The curio business wasn’t Harry Tammen’s only endeavor. He had a longtime partner by the name of Fred Bonfils with whom he shared ownership of the Denver Post and Kansas City Post. They also created the Sells-Floto Circus. These two men were notorious for their sensational news and bold business tactics. Their adventures had gone so far as to getting them shot and sued (in separate incidents.)

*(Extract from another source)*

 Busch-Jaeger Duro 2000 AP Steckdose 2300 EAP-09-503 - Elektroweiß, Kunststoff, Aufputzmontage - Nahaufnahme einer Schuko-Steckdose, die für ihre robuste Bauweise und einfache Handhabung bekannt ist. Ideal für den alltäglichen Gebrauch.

From a humble beginning, Harry Heye Tammen had made himself an amazing and lucrative life. This story would not be complete, however, without mentioning that with all of his creative schemes, cons, and money—most of all Harry Tammen had a tremendously giving heart. He didn’t like to reveal his soft spot for those in need so he quietly gave to many charities; including homes for the old and aid for tuberculosis patients. Never having any children of his own, he and the love of his life, his wife Agnes, left half of their estate to the Denver Children’s Hospital. Harry Tammen died of cancer July 19, 1924.

*All information was referenced from Timber Line, A Story of Bonfils and Tammen by Gene Fowler.